# Let the speculation begin



## glenn (May 13, 2009)

http://www.wcc.nrcs.usda.gov/ftpref/data/water/wcs/gis/maps/west_swepctnormal_update.pdf


----------



## restrac2000 (Mar 6, 2008)

Thanks for linking that report; I tried to run one this morning but was getting error messages.

Those are some bleak #s through much of the West, but especially Washington and Oregon. California is on a different system but as I understand it they are in a continued epic drougb as well so that map is likely more red than its showing right now.

I am not holding my breathe for much change in the spring but I know we would all be grateful for a noticeable increase in precipitation. Looking like my wife and I chose a good year to prioritize travel to see our friends and family (not much time or money for many river trips this year). 

Best of luck out there this season.

Phillip


----------



## kengore (May 29, 2008)

That's looking a little better than the last one. The West Coast is still hurting but the Rocky's are improving. Long way to go till spring.


----------



## BeaterBoater (Sep 29, 2014)

It's not even february. Same shit every year. STFU until April.


----------



## codycleve (Mar 26, 2012)

BeaterBoater said:


> It's not even february. Same shit every year. STFU until April.

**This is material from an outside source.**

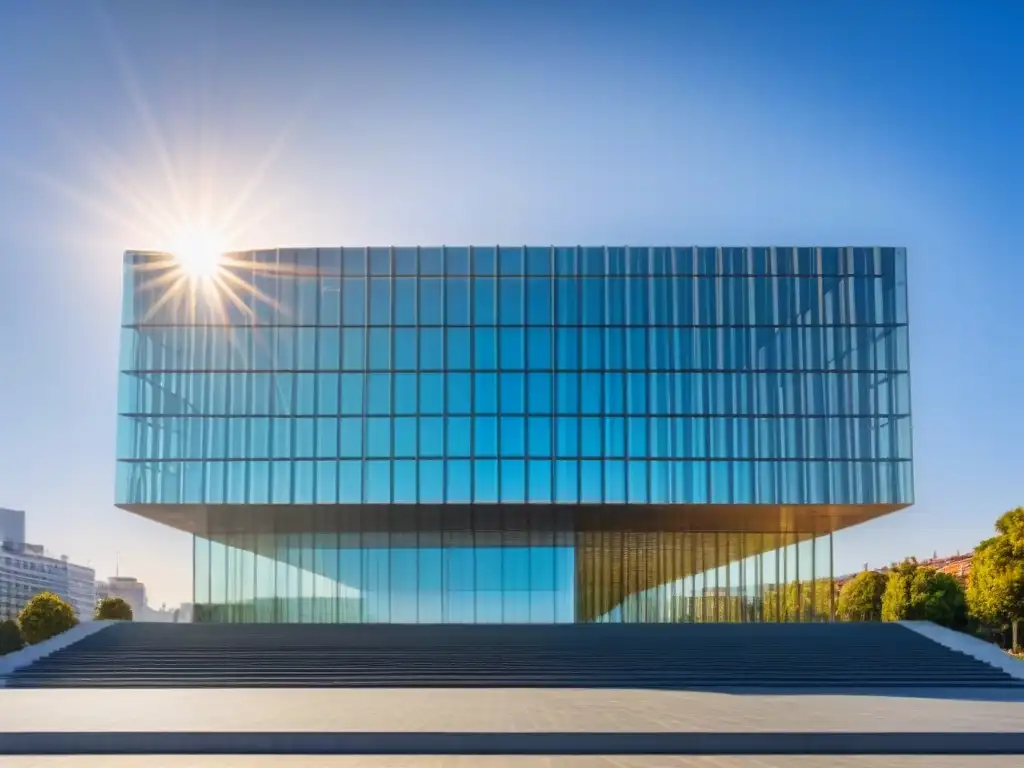 Esplendor legislativo: Congreso de España en Madrid Resplandeciente fachada de cristal del Congreso en Madrid, reflejando la luz del sol bajo un cielo azul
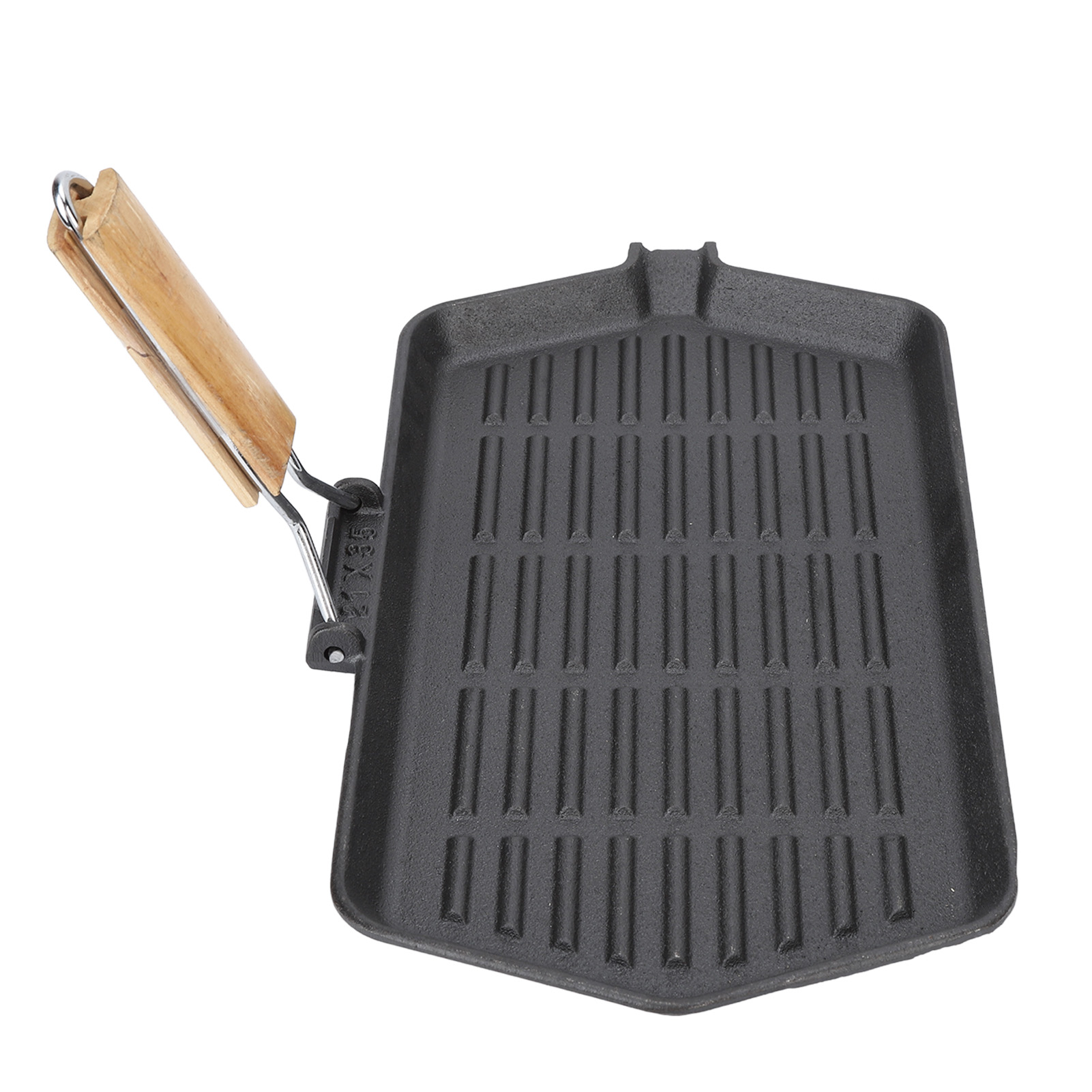 Zusammenklappbare Steakpfanne 21x35 Cm, Gusseisen Mit Holzgriff, Antihaftbeschichtet, Ideal Zum Braten Von Rindfleisch, Tragbar Und Praktisch Für Die Westliche Küche.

If you think the speculatoin is bad now, wait until next week when the permits are released... We didnt have any snow last year until febuary and march.. we had less that we do now at this piont in the year.. But we had a great year... A lot of people getting bored this winter.. I will be getting the boat wet here before too long and doing some steelhead fishing.. shake off the winter blues..


----------



## glenn (May 13, 2009)

It hasn't snowed in like a week so I thought we were in a major drought. Sorry. Turns out we're OK up here.


----------



## glenn (May 13, 2009)

Apparently core shots are not an accurate method for checking SWE.


----------



## restrac2000 (Mar 6, 2008)

glenn said:


> Apparently core shots are not an accurate method for checking SWE.


Would be an interesting study.....core shots are just a sad experience. Always cringe with that telltale sound.

Phillip


----------



## restrac2000 (Mar 6, 2008)

Never understood the wait until Spring approach but I am also not sad or disillusioned right now. The snowpack data and medians already account for yearly trends. Half of the west could get immense amounts of spring snow but its note remotely forecasted.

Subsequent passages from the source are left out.